Les bonnes questions avant de valider une action
- Quel usage énergétique précis l’action traite-t-elle, et dispose-t-on d’une donnée pour le suivre ?
- Quelle consommation de référence corrigée servira à mesurer le résultat ?
- Quels effets sur le confort, la qualité de l’air, l’activité ou la maintenance faut-il surveiller ?
- L’action réduit-elle vraiment les émissions, ou déplace-t-elle la consommation vers un autre vecteur ou un autre poste ?
- Quels documents permettront de justifier le résultat en cas de contrôle, de changement de gestionnaire ou de départ d’un locataire ?
Questions fréquentes
Le décret tertiaire impose-t-il de réaliser un bilan carbone complet ?+
Non. Le dispositif Éco Énergie Tertiaire impose un suivi et une déclaration des consommations énergétiques des entités assujetties, ainsi qu’une trajectoire de réduction. Un bilan d’émissions de gaz à effet de serre répond à un périmètre plus large et peut inclure les achats, les déplacements, les déchets, les travaux ou d’autres émissions indirectes.
Peut-on prouver une économie avec une seule année de factures ?+
Une année peut fournir un premier ordre de grandeur, mais elle est rarement suffisante pour attribuer avec certitude un gain à une action. Une période de référence plus longue, des données mensuelles et une correction liée au climat ou à l’activité rendent l’analyse beaucoup plus fiable. Pour un investissement majeur, un protocole de mesure et vérification est recommandé.
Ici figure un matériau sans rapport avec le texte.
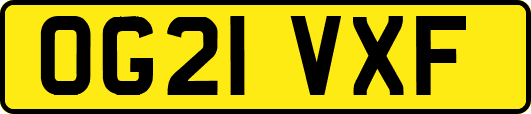 OG21VXF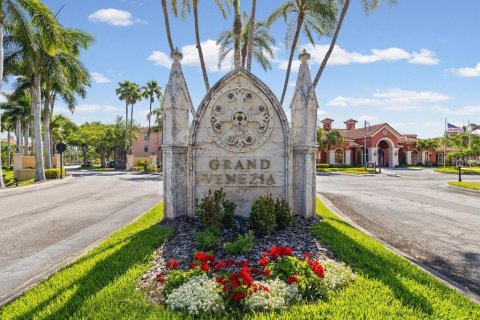 Condo in Clearwater, Florida, 1 bedroom  № 2234206 - photo 23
Comment tenir compte d’un hiver plus doux ou d’une baisse de fréquentation ?+
Il faut ajuster la référence aux conditions observées après travaux. Les degrés-jours peuvent aider à corriger les besoins de chauffage ou de refroidissement, tandis que les heures d’ouverture, les effectifs, les nuitées ou d’autres indicateurs décrivent l’activité. Les hypothèses et les données utilisées doivent être conservées avec le calcul.
Les panneaux photovoltaïques suffisent-ils à respecter le décret tertiaire ?+
Ils peuvent contribuer à la stratégie énergétique selon les règles de prise en compte applicables, mais ils ne dispensent pas de réduire les besoins du bâtiment. Il est préférable de commencer par la sobriété, le réglage et l’efficacité des équipements, puis de distinguer dans le suivi l’énergie autoconsommée, l’énergie achetée et l’énergie éventuellement injectée.
Qui doit renseigner OPERAT dans un immeuble loué ?+
La réponse dépend de la répartition des rôles entre propriétaire et occupant ainsi que des données détenues par chacun. En pratique, il est indispensable de formaliser qui collecte les consommations, qui déclare, qui finance les actions et qui conserve les justificatifs. Une coordination écrite évite les doubles déclarations, les données incomplètes et les objectifs non pilotés.
Faut-il intégrer le carbone des travaux de rénovation ?+
Pour une simple action de réglage, l’enjeu est généralement limité. En revanche, pour une rénovation lourde ou un remplacement massif d’équipements, il est pertinent d’évaluer l’empreinte des matériaux, de leur transport, du chantier et de la fin de vie. Le bon indicateur consiste alors à mettre cet impact en regard des émissions d’exploitation évitées sur la durée de vie attendue.